С технической точки зрения, если здесь вообще уместны подобные слова, можно сказать, что поцелуй длился на секунду-другую дольше, чем следовало. Я помню, что обратил внимание на то, какая у нее мягкая и гладкая кожа. Посреди этой адской ночи с рвотой, стонами и дрожащим пламенем свечей я совсем не ожидал чего-то приятного. И маленький оазис возник для меня неожиданно. Я потерял бдительность и, закрыв глаза, несколько секунд не отрывал губ от ее щеки, чтобы просто отбросить все неприятные переживания.
Но когда я выпрямился и увидел, как смотрит на меня Этьен, я понял, что у него иное мнение на этот счет.

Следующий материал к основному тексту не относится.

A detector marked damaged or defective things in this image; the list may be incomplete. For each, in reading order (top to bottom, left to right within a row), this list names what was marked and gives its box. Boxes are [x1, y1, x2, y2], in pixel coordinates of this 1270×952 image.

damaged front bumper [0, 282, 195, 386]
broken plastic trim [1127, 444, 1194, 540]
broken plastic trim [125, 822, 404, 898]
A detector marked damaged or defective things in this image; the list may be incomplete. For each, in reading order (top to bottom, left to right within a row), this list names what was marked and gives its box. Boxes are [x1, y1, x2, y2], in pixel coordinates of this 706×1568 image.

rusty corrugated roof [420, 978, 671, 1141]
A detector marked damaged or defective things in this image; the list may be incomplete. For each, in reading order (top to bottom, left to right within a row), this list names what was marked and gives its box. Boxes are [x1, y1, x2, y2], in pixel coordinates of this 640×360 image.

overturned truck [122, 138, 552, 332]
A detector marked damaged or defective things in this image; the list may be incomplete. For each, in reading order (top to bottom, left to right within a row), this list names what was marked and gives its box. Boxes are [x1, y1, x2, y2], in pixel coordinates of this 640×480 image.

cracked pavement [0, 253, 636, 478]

Последовало, как вы понимаете, непродолжительное молчание, а затем он спросил:
— Чем это ты здесь занимаешься?
— Ничем.
— Ты поцеловал Франсуазу.
Я пожал плечами:
— Ну и что?
— Как это «ну и что»?
— Вот так! — Если в моем голосе и сквозило раздражение, то причиной этого была одна лишь усталость, а может быть, также возня с Багзом. — Я поцеловал ее в щеку. Ты видел, как я это делал раньше, и ты видел, как она целовала меня.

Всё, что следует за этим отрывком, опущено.